Action item: Copy each line from the entries that the word "Casual" appears in.

Items from a data source:
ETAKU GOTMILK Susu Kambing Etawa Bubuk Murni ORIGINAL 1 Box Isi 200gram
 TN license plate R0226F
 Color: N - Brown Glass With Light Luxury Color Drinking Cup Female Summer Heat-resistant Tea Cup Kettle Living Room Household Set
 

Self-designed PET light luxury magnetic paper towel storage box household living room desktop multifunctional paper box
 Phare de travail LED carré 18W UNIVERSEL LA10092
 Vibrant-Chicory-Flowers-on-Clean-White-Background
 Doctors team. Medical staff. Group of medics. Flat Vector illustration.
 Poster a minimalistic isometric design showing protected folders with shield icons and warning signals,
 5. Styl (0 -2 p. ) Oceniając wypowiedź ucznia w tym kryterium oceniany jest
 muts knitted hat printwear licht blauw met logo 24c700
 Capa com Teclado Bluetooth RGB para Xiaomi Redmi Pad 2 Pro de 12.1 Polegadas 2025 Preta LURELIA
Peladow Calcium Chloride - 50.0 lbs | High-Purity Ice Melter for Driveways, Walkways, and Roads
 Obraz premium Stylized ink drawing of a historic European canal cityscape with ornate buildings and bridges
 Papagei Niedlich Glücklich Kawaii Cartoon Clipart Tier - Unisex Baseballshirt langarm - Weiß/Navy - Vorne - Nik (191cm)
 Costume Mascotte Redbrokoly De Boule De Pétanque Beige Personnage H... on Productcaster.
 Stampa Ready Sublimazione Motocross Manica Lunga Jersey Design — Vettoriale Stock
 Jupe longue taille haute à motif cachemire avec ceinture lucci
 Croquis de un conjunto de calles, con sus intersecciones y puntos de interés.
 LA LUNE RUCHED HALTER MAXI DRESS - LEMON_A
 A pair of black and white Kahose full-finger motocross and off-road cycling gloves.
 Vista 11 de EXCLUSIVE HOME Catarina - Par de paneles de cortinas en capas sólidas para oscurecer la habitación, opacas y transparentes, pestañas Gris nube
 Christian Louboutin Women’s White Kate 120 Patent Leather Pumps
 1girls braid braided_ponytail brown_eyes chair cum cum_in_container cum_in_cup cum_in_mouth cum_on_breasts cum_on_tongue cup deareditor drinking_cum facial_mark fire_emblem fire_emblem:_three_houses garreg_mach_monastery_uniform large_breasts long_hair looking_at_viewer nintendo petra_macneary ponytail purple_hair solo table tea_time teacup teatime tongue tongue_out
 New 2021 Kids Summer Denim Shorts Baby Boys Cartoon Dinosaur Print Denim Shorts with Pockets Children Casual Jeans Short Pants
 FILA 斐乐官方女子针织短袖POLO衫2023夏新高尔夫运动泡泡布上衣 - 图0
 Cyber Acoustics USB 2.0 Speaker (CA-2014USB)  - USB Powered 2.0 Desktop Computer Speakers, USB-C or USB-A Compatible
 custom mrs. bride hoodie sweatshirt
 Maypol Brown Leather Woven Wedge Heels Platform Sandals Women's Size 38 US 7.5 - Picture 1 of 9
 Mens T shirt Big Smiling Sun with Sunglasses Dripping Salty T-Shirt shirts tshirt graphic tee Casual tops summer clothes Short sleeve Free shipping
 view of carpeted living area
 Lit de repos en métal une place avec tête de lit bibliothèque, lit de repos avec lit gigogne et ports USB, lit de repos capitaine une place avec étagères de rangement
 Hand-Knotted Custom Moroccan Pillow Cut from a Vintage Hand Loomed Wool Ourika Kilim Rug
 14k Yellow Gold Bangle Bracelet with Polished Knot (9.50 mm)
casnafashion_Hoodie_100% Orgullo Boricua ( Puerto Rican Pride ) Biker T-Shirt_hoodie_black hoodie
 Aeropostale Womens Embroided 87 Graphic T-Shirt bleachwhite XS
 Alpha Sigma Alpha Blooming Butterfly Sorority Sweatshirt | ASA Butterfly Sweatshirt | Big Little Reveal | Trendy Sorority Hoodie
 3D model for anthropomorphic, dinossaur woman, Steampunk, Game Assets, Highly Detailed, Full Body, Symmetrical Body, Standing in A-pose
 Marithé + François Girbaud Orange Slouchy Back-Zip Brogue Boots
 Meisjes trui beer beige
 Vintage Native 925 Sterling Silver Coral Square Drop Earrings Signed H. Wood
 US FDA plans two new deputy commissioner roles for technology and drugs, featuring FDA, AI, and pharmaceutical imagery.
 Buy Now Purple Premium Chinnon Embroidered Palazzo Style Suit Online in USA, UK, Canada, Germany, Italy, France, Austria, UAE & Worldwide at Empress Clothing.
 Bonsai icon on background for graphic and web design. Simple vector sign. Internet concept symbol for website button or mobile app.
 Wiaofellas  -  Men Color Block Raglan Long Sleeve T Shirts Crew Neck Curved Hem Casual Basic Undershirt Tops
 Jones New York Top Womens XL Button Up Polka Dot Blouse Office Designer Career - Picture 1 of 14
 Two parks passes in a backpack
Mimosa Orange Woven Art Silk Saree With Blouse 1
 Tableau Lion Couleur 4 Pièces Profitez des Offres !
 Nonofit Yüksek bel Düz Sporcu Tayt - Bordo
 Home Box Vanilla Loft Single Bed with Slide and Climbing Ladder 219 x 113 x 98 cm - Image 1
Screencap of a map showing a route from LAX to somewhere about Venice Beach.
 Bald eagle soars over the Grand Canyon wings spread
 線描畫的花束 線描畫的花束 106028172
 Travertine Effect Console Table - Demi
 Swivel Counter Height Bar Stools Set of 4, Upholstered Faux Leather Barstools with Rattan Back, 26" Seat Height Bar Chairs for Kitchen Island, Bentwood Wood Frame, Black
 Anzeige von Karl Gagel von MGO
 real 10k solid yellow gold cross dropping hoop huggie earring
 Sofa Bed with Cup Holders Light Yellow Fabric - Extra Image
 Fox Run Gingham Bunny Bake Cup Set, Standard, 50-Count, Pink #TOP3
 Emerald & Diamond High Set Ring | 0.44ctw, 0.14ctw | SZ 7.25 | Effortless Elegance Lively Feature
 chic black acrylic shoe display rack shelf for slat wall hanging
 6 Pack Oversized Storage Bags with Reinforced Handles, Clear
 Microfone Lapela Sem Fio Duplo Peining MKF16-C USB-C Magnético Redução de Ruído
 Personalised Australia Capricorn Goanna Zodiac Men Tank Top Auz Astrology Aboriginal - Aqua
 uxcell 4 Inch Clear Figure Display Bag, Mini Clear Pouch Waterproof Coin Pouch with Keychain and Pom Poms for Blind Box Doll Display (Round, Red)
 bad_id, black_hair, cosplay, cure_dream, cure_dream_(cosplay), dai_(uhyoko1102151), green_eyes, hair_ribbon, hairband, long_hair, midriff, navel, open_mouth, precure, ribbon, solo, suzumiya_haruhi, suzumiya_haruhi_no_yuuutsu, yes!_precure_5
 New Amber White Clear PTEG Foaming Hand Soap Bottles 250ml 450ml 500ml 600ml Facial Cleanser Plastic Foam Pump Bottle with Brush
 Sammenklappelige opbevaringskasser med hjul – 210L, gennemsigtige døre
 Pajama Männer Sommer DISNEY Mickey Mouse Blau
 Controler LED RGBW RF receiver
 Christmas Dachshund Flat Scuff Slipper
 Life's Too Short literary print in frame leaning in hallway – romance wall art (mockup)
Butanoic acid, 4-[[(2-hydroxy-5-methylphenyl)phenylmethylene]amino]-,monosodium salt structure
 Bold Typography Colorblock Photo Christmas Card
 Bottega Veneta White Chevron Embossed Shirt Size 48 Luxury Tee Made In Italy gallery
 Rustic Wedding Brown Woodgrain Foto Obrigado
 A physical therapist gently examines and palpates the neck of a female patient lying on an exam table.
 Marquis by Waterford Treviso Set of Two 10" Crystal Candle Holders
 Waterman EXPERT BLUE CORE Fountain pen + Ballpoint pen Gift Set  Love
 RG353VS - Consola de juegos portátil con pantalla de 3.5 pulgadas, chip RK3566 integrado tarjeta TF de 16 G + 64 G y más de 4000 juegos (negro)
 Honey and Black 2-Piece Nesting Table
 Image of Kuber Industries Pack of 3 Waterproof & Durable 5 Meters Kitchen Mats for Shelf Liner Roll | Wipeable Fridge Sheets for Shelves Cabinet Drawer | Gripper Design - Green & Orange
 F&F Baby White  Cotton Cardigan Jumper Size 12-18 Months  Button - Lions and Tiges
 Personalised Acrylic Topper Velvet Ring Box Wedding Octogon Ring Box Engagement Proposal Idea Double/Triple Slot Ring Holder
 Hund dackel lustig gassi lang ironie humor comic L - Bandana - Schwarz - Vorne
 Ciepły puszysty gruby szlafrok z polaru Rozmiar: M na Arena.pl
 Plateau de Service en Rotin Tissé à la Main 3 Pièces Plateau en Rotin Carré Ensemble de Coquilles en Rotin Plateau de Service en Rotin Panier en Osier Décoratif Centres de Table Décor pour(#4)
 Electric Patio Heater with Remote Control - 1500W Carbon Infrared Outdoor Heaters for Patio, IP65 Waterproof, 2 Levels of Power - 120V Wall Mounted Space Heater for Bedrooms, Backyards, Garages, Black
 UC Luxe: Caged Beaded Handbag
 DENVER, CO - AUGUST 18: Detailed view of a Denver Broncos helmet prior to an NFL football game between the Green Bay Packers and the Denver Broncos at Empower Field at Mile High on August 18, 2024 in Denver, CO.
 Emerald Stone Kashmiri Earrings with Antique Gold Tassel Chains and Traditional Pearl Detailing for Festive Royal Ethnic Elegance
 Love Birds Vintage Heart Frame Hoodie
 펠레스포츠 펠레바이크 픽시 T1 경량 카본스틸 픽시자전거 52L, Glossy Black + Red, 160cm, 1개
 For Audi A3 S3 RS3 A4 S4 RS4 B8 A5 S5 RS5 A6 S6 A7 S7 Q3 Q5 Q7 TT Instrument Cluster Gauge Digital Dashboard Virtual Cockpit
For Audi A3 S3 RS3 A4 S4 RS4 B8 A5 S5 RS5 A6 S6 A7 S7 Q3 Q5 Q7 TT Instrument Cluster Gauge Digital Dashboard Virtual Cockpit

Exercise output:
 New 2021 Kids Summer Denim Shorts Baby Boys Cartoon Dinosaur Print Denim Shorts with Pockets Children Casual Jeans Short Pants
 Mens T shirt Big Smiling Sun with Sunglasses Dripping Salty T-Shirt shirts tshirt graphic tee Casual tops summer clothes Short sleeve Free shipping
 Wiaofellas  -  Men Color Block Raglan Long Sleeve T Shirts Crew Neck Curved Hem Casual Basic Undershirt Tops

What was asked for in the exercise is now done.